WHAT THE TASK REQUIRES » Taking the line with "Time Eraser Eye Essence Oil – 10ml" as the first and the line with "GALK1 / GK1" as the last, set down the lines below exactly, pictures excluded.

STUDY MATERIAL »

----------------------------------------

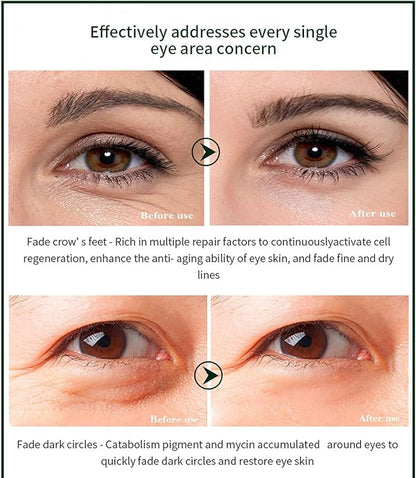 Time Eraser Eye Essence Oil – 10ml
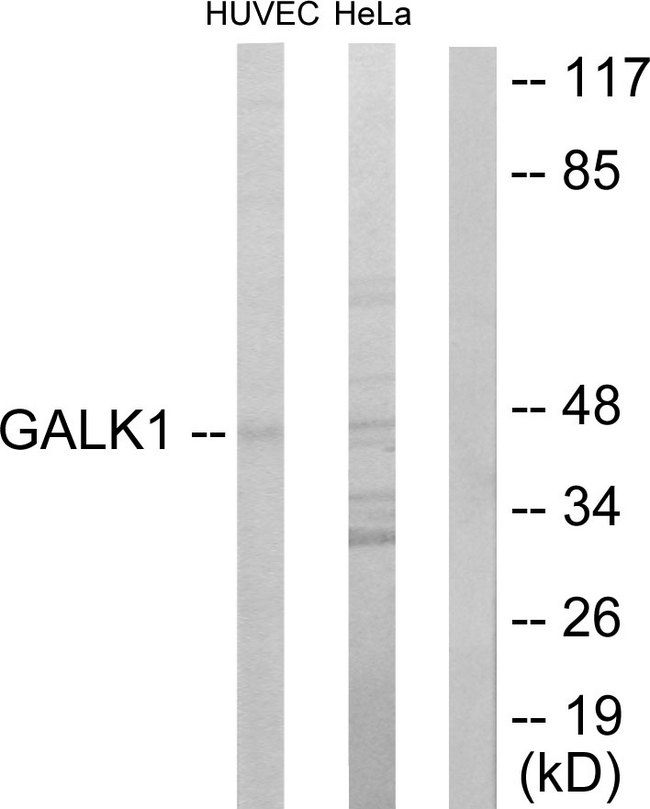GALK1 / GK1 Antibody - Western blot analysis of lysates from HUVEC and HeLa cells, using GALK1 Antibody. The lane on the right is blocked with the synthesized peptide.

----------------------------------------

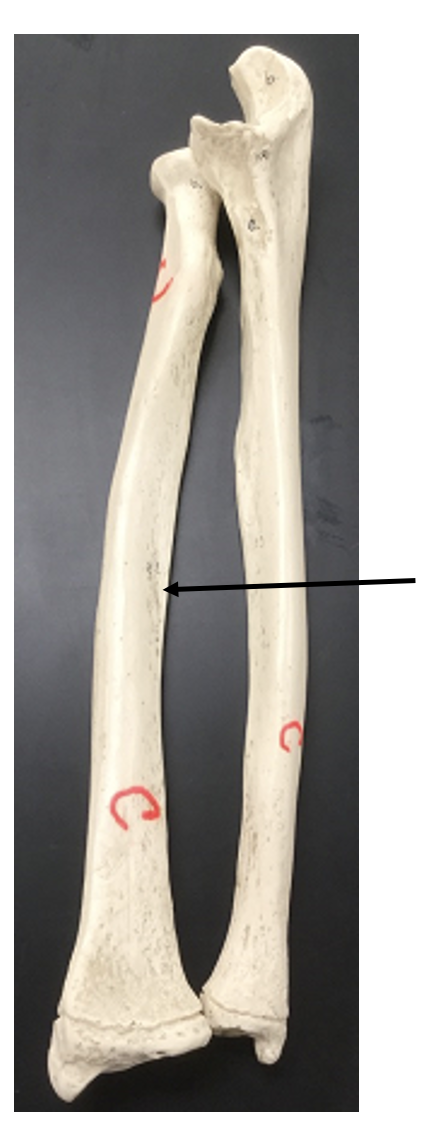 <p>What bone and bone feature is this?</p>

----------------------------------------

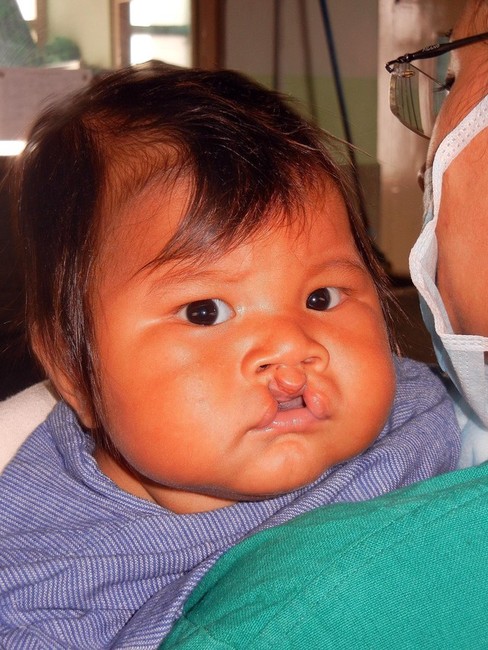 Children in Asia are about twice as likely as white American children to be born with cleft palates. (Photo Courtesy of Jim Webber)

----------------------------------------

TASK SOLUTION »
 Time Eraser Eye Essence Oil – 10ml
GALK1 / GK1 Antibody - Western blot analysis of lysates from HUVEC and HeLa cells, using GALK1 Antibody. The lane on the right is blocked with the synthesized peptide.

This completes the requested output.